A Rosling no le gustaban los debates. Prefería mostrar los datos con la sana esperanza de que su mera presentación de manera comprensible y atractiva bastaría para informar a la opinión pública y callar así a más de un charlatán. Vano intento, como nos ha demostrado la realidad, pues no hay peor ciego que el que no quiere ver, y la mentira campa por sus anchas sin el menor pudor, negando la evidencia empírica o directamente inventando una realidad paralela.
Para aquellos que siguen creyendo que la información estadística ayuda a comprender el mundo y a enriquecer nuestra concepción sobre el mismo, la muerte de Rosling supone la pérdida de un referente. En estos tiempos en los que todo se mezcla hasta generar una nube incomprensible de ruido, Rosling nos enseñó a buscar la señal para interpretar adecuadamente la realidad.
Nos queda, pues, su contribución, un sueño de un mundo basado en datos y en su divulgación asequible y atractiva para el gran público.
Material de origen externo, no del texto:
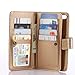 Galaxy S7 Case, TabPow 10 Card Slot - [ID Slot] Wallet Folio PU Leather Case Cover with Detachable Magnetic Hard Case for Samsung Galaxy S7 Case, Glitter Gold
Sin él estaríamos hoy más indefensos frente al oscurantismo y el fraude intelectual y político. Convendrá, en aras de preservar una mínima decencia en los discursos y debates públicos, hacerse cargo de su legado, hacerlo evolucionar y crecer. Con Rosling, los defensores de la evidencia como método para interpretar y actuar en la realidad, han perdido a uno de sus principales espadas. Su contribución debería permanecer, por mucho que le pese a muchos interesados en hacer desaparecer la palabra “verdad” de sus particulares diccionarios.